Scott from Leesburg, Va. and Jason from Russell, Mass. each had questions about what's up with the New York Giants' running game. Scott wonders if they'd be better off giving Andre Brown more carries and Ahmad Bradshaw fewer, and Jason thinks the problems have to do with scheme and playcalling.
Dan Graziano: Well, Jason, you're right that the Giants' run game looked much better against Cleveland and San Francisco when they appeared to commit to it, and I think the issues the past two weeks were due to several factors. First, I think they were opponent-related. Against Washington, teams like to throw the ball because the defensive weaknesses are in the secondary. So it's understandable to see teams design game plans to try to take advantage of the Redskins through the air. And Dallas just played an excellent all-around defensive game, especially considering the field-position issues that resulted from the turnovers. But the other thing to consider is that Bradshaw hasn't been 100 percent healthy since that San Francisco game, and so it's fair to assume the run game hasn't found the same kind of rhythm it had when he was healthy and churning out 30 and 27 carries against the Browns and 49ers. That gets to Scott's point about a possible timeshare between Brown and Bradshaw, which might be in the offing. I don't think Brown is a threat to actually take Bradshaw's job, since Bradshaw has more in the bank with the Giants and is the better pass protector for their pass-first offense.
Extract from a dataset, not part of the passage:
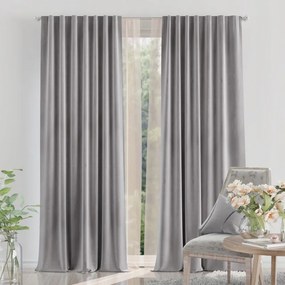 Modern velúr függöny, szürke 140x250cm Moradi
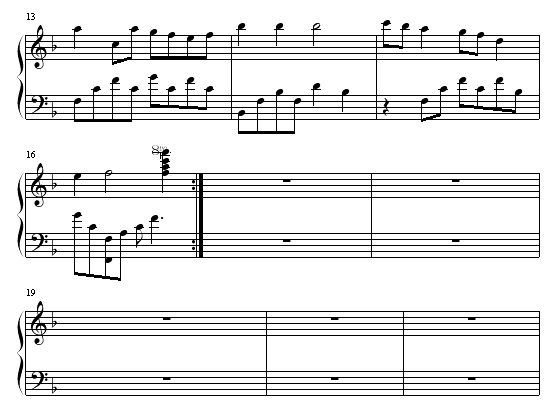 爱的礼赞钢琴曲谱（图2）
But I think the fact that Bradshaw broke down again after the two highest single-game carry totals of his career will lead the Giants to split carries between the two (or possible even among them and rookie David Wilson) moving forward.
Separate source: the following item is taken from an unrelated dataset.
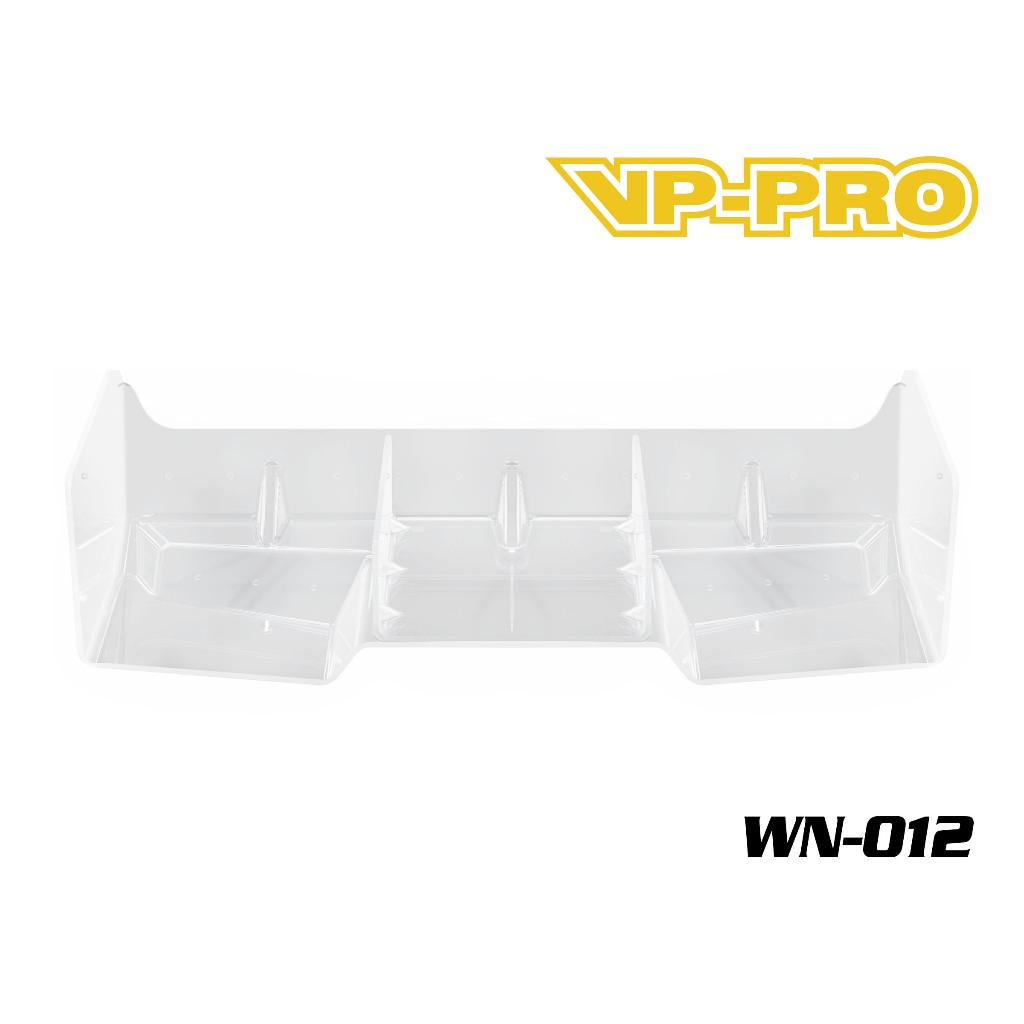 VP PRO WN 012 1/8 Buggy Clear Wing (ตัดล่วงหน้า 2 ชิ้น) หางสีเหลือง/สีขาว Fit IFMAR EFRA Racing แรงด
Ray from Fairport, N.Y. describes himself as "a huge Tony Romo fan," but suggests that the Dallas Cowboys trade Romo and a second-round or third-round pick to the Chiefs for what Ray presumes will be the first pick in next year's draft. Under Ray's plan, current backup Kyle Orton is the quarterback for a year while Matt Barkley or Geno Smith or whoever gets ready to take over as the next "franchise" quarterback.
DG: Geez, Ray. With "huge fans" like you, who needs enemies? The Cowboys are going to give Romo a contract extension that keeps him in Dallas for the remainder of his career. He's an excellent quarterback who's having a substandard, mistake-prone year, but his year isn't over yet and he's done much more good than harm as the Cowboys' quarterback, and they know they're not going to find anyone better at this point. As happy as the Chiefs or about two-thirds of the teams in the league would be to have Romo, the Cowboys aren't going to dump him for a draft pick who'd be lucky to ever be almost as good an NFL player as Romo already is. I also don't agree with those who find it so urgent to have a backup plan in place for when Romo leaves. How many teams actually pull that off? What current franchise quarterback was ever his current team's multiple-year understudy? Aaron Rodgers? Philip Rivers? Romo himself? That's about it. Pretty hard to do. When the time comes to replace Romo, the Cowboys will replace Romo. But now isn't the time. They have much bigger problems.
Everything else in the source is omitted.